1. Significance . Does this study address an important problem? If the aims of the application are achieved, how will scientific knowledge or clinical practice be advanced? What will be the effect of these studies on the concepts, methods, technologies, treatments, services, or preventative interventions that drive this field?
2. Approach . Are the conceptual or clinical framework, design, methods, and analyses adequately developed, well integrated, well reasoned, and appropriate to the aims of the project? Does the applicant acknowledge potential problem areas and consider alternative tactics?
3. Innovation . Is the project original and innovative? For example: Does the project challenge existing paradigms or clinical practice; address an innovative hypothesis or critical barrier to progress in the field? Does the project develop or employ novel concepts, approaches, methodologies, tools, or technologies for this area?

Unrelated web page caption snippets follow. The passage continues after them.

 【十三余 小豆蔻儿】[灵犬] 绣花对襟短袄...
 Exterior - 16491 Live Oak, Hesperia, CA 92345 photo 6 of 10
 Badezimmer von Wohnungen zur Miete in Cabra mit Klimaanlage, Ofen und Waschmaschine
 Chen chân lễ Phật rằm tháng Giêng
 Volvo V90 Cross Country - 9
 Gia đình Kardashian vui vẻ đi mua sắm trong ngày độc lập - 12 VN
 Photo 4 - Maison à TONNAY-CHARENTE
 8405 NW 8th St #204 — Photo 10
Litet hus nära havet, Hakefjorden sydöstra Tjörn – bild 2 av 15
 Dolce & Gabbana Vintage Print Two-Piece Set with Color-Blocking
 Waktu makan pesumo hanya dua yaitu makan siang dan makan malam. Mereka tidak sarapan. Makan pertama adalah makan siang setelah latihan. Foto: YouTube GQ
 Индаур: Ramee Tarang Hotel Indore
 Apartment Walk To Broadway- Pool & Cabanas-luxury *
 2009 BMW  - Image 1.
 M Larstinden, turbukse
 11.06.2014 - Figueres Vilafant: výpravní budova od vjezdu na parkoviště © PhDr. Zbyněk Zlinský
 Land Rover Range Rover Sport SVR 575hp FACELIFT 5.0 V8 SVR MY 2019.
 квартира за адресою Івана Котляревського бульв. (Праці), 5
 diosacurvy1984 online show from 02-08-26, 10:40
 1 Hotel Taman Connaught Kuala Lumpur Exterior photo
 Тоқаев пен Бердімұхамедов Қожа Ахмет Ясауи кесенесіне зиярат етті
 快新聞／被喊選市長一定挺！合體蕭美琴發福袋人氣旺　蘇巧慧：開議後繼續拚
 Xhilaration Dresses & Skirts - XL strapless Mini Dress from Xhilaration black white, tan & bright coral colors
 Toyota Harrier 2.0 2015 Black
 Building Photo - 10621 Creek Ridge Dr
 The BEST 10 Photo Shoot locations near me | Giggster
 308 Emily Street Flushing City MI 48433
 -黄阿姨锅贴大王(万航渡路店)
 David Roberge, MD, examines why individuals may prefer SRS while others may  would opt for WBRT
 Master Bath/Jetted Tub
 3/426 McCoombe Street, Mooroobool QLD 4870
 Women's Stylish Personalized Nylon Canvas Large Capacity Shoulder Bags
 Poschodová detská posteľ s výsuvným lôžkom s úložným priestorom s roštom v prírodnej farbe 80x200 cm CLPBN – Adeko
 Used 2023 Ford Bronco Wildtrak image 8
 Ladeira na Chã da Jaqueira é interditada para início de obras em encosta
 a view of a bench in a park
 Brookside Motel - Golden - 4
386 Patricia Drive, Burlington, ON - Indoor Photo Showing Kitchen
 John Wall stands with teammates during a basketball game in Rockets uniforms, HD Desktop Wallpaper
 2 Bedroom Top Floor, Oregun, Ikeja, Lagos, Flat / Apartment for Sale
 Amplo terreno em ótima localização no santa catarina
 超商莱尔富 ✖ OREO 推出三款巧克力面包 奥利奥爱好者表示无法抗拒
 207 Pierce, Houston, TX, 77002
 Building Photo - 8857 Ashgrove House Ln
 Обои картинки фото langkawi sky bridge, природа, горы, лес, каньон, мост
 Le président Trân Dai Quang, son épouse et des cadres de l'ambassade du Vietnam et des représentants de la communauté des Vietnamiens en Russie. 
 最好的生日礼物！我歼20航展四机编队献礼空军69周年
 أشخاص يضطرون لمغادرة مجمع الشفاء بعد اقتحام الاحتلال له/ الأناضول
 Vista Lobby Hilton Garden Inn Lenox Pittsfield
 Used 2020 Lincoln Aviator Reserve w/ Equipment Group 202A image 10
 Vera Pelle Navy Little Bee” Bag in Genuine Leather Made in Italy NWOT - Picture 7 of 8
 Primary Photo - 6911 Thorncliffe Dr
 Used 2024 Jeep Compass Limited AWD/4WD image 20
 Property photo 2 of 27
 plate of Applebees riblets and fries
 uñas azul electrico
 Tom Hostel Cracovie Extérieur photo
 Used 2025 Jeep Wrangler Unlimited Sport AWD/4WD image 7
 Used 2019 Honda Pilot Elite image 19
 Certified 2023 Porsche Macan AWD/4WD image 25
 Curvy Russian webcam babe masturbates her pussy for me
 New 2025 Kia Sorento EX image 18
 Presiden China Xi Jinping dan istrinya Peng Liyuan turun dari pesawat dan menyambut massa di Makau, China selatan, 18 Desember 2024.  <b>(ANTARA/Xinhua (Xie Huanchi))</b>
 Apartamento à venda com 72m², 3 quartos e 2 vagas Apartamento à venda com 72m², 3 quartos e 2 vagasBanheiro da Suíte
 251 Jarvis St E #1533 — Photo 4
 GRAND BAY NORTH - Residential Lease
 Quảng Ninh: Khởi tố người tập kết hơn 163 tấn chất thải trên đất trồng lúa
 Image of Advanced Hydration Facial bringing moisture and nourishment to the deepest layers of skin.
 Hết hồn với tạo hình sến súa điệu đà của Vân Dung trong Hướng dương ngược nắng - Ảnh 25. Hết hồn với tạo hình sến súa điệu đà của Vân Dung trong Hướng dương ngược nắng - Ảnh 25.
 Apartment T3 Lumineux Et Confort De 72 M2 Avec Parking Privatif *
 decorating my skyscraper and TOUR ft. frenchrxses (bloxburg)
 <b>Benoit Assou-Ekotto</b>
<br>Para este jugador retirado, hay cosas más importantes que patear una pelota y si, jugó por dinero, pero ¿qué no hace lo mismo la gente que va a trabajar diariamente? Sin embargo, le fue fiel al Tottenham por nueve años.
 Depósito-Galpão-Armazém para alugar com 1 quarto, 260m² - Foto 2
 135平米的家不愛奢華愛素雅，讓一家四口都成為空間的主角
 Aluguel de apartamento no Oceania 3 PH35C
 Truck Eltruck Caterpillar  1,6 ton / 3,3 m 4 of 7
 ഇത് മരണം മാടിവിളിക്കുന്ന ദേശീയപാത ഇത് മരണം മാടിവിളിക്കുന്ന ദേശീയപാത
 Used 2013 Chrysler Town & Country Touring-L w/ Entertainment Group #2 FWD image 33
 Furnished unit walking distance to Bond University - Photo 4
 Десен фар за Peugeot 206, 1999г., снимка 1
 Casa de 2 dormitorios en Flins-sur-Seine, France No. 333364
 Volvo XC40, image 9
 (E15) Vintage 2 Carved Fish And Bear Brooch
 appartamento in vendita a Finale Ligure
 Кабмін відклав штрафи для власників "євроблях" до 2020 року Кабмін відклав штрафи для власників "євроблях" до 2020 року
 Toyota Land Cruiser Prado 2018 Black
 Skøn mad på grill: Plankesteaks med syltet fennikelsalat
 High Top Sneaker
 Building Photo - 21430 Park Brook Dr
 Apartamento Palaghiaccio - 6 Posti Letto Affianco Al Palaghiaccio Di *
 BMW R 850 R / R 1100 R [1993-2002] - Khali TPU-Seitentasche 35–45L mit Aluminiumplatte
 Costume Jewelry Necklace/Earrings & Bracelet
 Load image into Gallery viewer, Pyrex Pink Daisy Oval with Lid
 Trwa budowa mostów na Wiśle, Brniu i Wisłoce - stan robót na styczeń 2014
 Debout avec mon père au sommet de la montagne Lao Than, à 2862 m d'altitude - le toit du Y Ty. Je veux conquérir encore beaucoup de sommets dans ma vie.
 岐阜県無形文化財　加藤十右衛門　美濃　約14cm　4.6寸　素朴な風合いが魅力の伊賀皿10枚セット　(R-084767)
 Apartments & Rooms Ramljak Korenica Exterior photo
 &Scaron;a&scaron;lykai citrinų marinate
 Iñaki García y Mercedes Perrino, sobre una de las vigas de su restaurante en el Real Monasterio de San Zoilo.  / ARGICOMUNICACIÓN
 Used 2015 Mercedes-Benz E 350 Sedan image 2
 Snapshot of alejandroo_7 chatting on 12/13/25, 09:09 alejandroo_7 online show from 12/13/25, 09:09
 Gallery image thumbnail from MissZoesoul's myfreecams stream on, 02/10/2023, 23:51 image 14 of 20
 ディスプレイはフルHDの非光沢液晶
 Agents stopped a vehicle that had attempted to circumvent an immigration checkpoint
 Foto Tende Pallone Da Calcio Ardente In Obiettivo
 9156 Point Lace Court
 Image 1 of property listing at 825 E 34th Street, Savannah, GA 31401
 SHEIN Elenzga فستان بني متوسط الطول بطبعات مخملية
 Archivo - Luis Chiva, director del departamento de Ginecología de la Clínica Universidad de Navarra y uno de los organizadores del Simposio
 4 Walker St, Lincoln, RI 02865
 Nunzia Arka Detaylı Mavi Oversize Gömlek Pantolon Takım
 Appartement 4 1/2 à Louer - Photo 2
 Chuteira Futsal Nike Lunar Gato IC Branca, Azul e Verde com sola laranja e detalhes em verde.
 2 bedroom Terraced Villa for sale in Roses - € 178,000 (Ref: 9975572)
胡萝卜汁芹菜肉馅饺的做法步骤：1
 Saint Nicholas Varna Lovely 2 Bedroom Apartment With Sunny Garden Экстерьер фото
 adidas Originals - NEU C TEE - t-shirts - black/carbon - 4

4. Investigators . Are the investigators appropriately trained and well suited to carry out this work? Is the work proposed appropriate to the experience level of the principal investigator and other researchers? Does the investigative team bring complementary and integrated expertise to the project (if applicable)?
5 . Environment . Does the scientific environment in which the work will be done contribute to the probability of success? Do the proposed studies benefit from unique features of the scientific environment, or subject populations, or employ useful collaborative arrangements? Is there evidence of institutional support?
3.A. Additional Review Criteria:
In addition to the above criteria, the following items will be considered in the determination of scientific merit and the priority score:
Protection of Human Subjects from Research Risk : The involvement of human subjects and protections from research risk relating to their participation in the proposed research will be assessed (see the Research Plan, Section E on Human Subjects in the PHS Form 398).
Inclusion of Women, Minorities and Children in Research: The adequacy of plans to include subjects from both genders, all racial and ethnic groups (and subgroups), and children as appropriate for the scientific goals of the research will be assessed. Plans for the recruitment and retention of subjects will also be evaluated (see the Research Plan, Section E on Human Subjects in the PHS Form 398).
Care and Use of Vertebrate Animals in Research: If vertebrate animals are to be used in the project, the five items described under Section F of the PHS Form 398 research grant application instructions will be assessed.
3.B. Additional Review Considerations
Budget: The reasonableness of the proposed budget and the requested period of support in relation to the proposed research. The priority score should not be affected by the evaluation of the budget.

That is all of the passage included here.